In a group, the resurrection of the X-Factor within an individual very often begins between two people and later gains momentum from other members of the group. Once the smoldering aspects of the X-Factor had again become a blaze within me, my positive energy soon joined that of the other lifters. Soon I both received and contributed to the energy of champions that was the hallmark of the York gym. Individuals helping one or all members of the group to excel creates the synergistic effect of the group.

Through my years at York there were many stories similar to mine. One lifter would be down and out, so to speak, and then another lifter or group of lifters would get him back in the swing. Group dynamics can accomplish more than the individual alone. The point here is this: find a gym that has lifters with the X-Factor training there and you will find a gym with the X-Factor. Then expect miracles.

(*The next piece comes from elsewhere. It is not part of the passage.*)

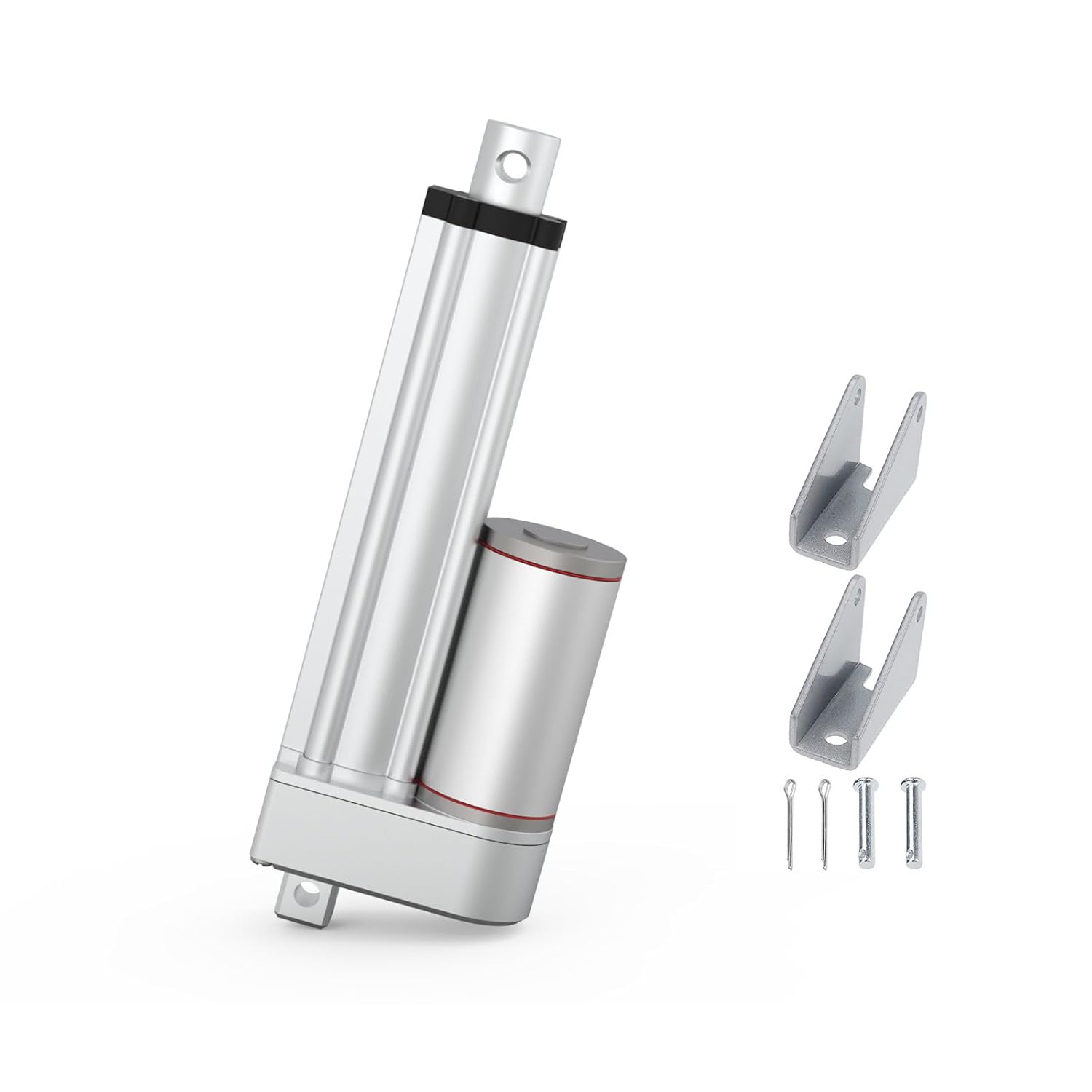 Pegelong 5.9" Stroke 220lbs 12V Electric Linear Actuator Motor - 0.47"/sec Speed, Mounting Brackets Included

You may not be able to locate a gym of this quality, or you may, due to circumstances, not be able to make a move to take advantage of the rarified atmosphere of an X-Factor gym. All is not lost. There have been many lifters that trained with only one or two other lifters with the X-Factor. World record holder in the snatch, Louis Reicke, never had more than one or two training partners. But they were important to his success. I remember Lou telling me how he would be just about out the door when his training partner would say, “Do a few sets of high pulls with me before you leave.” Lou credits such incidents with helping him as he moved up the ladder to the top.

Bob Bednarski’s coach Joe Mills continually turned out one or two lifters through the years. One or two lifters with their X-Factors bouncing off each other can make the difference between a lackluster career and one that reaches the national level. At the very least, you need a training partner who shares your ambitions. Even better is to find a coach who has a proven track record and the athletes to train with.

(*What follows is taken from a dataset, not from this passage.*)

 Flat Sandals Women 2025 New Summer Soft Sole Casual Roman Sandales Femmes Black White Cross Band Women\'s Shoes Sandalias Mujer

If you are just starting your move up the ladder to the top, your immediate needs are less than when you start aspiring to the level of regional and national competition. As you progress keep in mind that you must continually seek a higher level of the X-Factor. The University of Texas weight room and the Texas Athletic Club provided plenty of what I needed to reach the state and regional level. When it came time to address the possibility of advancing to the national level, I moved to York.

What should you do if you feel the need for a boost of the group X-Factor in your training? This question came up at the Round Table Discussion sponsored by Rip and his organization. Actually, the question had to do with what was wrong with US lifting officials and the US Olympic training camp. I commented that there was little anyone could do to change the situation regarding the officials at the top, although Rip suggested Ebola as a solution. My suggestion then was that it was the responsibility of individuals to find what they need in the way of coaches and training partners. That is my suggestion now. Don’t wait for someone to do something for you. Instead, take responsibility and do what is necessary yourself. Aspiring lifters that reach the top don’t whimper and feel sorry for themselves.

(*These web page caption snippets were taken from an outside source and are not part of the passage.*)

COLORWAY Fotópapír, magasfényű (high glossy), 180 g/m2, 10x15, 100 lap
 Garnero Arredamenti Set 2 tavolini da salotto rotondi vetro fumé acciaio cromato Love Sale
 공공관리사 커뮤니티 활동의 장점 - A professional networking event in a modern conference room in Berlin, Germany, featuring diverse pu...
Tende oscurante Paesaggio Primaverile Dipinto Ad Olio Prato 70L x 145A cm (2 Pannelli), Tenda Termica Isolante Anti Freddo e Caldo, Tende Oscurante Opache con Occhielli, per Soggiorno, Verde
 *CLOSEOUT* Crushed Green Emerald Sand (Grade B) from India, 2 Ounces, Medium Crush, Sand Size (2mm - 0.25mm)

If you are a lifter who is currently training alone or with a training partner who does not share your ambitions, take the responsibility for changing your situation. Go to a contest, meet the lifters and find out where they train. Contact them and see about training with them. A little change can make a big difference. Jerri Pugh would drive an hour from Houston to train with me once or twice a week. She has done well nationally and a recent email indicates that she is still competing on the national level. You can do the same, and when you outgrow your new situation look for a higher level of the X-Factor. There are some good lifting clubs around. Find them, and find a way to train with them even if it is only every week or two. The internet is another means of locating lifters and clubs of like mind.

Now you know about the X-Factor. It is a reality that you can manifest within yourself and recognize in other individuals or groups. First develop the three aspects of the X-Factor within yourself and then locate a group or another individual that possesses them; get acquainted and train together. Where there is a will there is a way.